China's steel production grew last year despite pledges
The Dollar Business Bureau
Notwithstanding the contracted global demand, restriction on its exports and a continuous slowdown in its GDP growth rates, China’s steel-making capacity grew by 36.5 million tonnes last year, more than twice of Britain’s total steel production.
According to the report, the production registered a gigantic growth, despite Chinese government’s pledges to slash excess steel in the industry. China’s massive excess capacity has resulted in a contraction in global demand, especially after several countries, including India took protectionist measures to cut down cheap imports of steel from China.

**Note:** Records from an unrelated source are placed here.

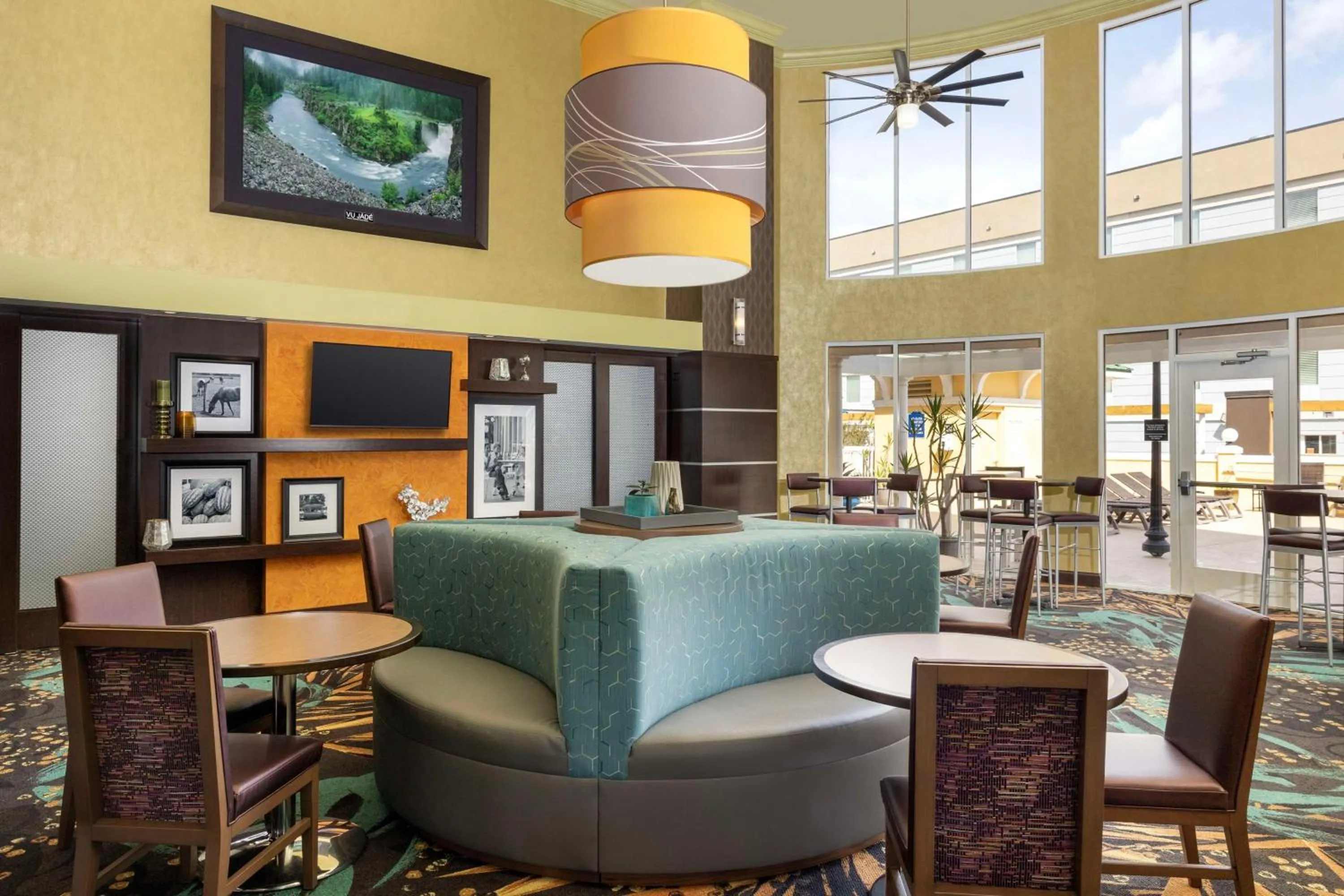 Lobby or reception in Hampton Inn & Suites Lake City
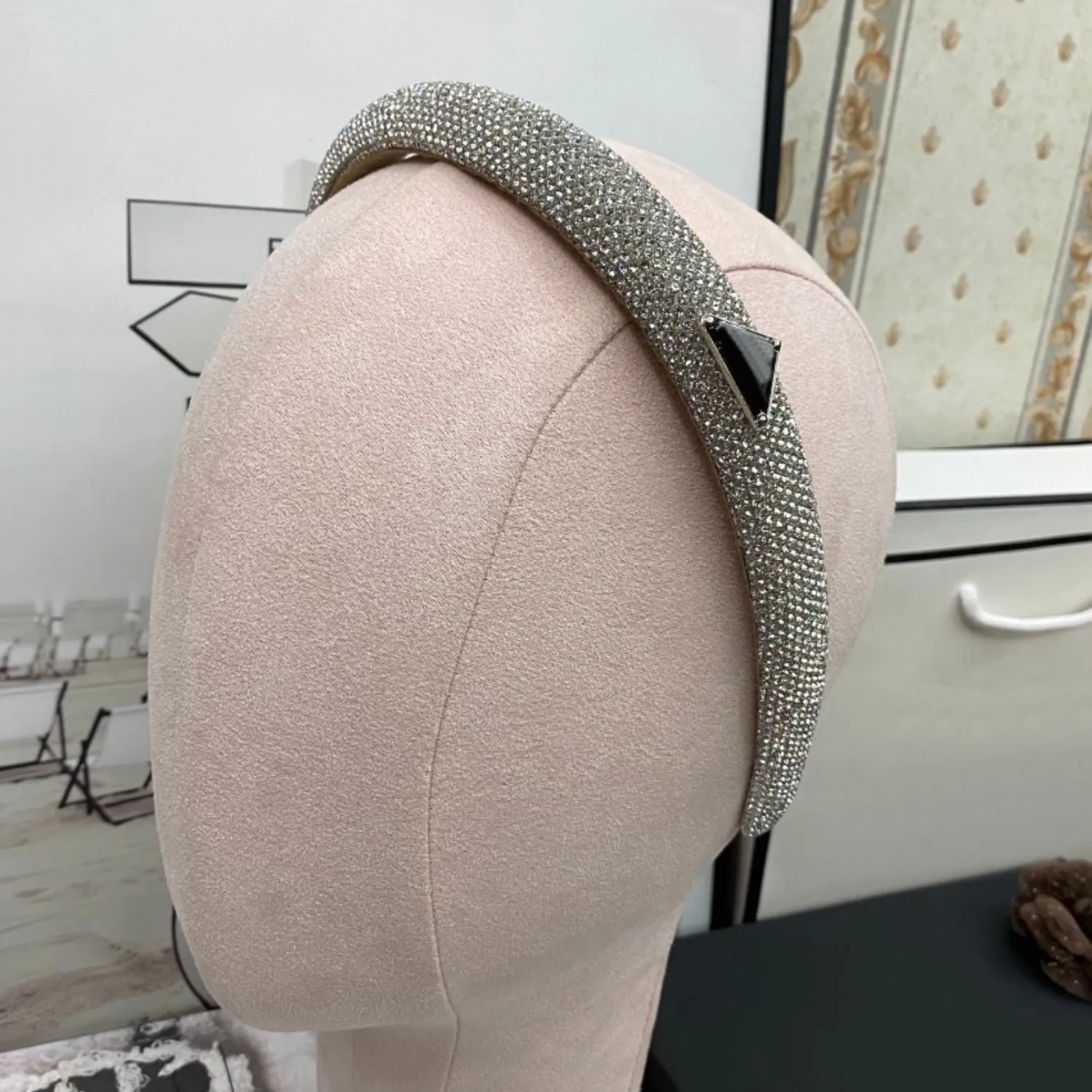 Sparkling Silver Tone Crystal Padded Diamond Headband  display picture 1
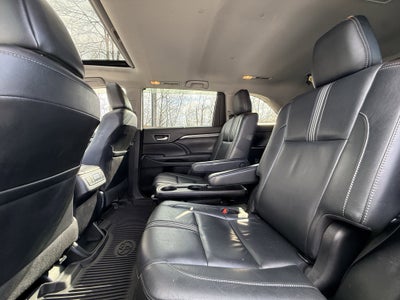 2018 Toyota Highlander SE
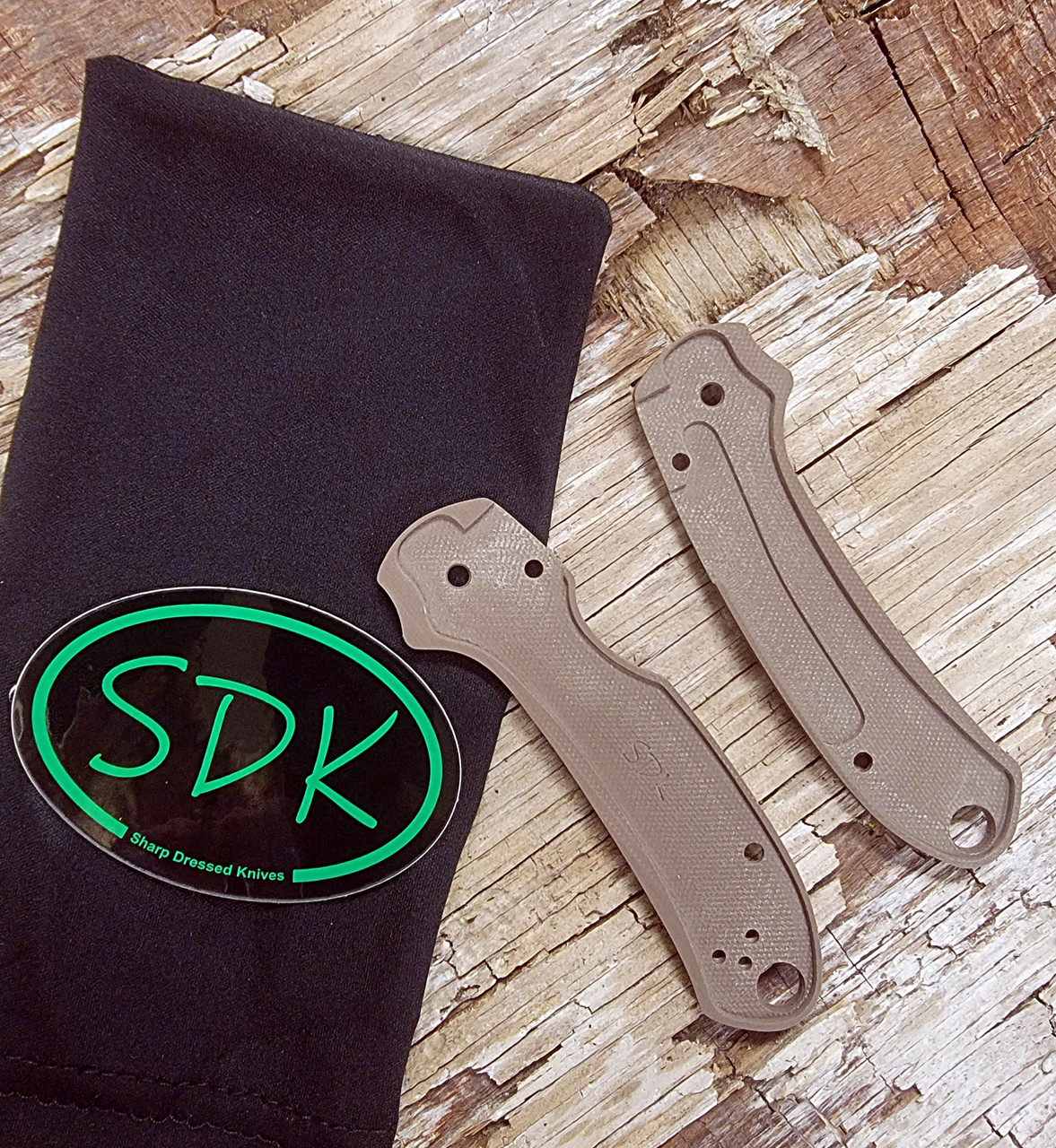 SDK Spyderco Para3 Smooth Skinny Scales -FDE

These countries have for long accused China of dumping its steel into the world market, unbalancing global steel prices and flouting global trade agreements.
Last year, Chinese authorities made serious attempts to slash excess steel production. Though, they did manage to tackle excess output, it was rather made irrelevant as China then opened new factories or restarted idle plants.
Last September’s G20 conference in Hangzhou, China had agreed to tackle steel overcapacity however, since, several countries have accused China of dumping its excess steel production in international markets, thereby violating international trade rules.
“Instead of shutting down firms, local officials maneuvered to shield zombie steel mills and minimise the impact of policies on cutting capacity,” said Lauri Myllyvirta, Greenpeace global coal campaigner.
Earlier this month, the Donald Trump-led administration imposed heavy duty on certain steel imports from China, with tariff in the range of 63%- 190%. Last month, the EU imposed taxes ranging from 30.7% to 64.9% on certain steel products from China, as it sought to protect European steelmakers.
Earlier this month, the Indian government had also extended the anti-dumping tariffs on imports of hot-rolled and cold-rolled flat products of alloy or non-alloy steel from China till April 2017. India’s steel imports declined 37.8% between April 2016 and January 2017, mainly due to the enactment of Minimum Import Price (MIP).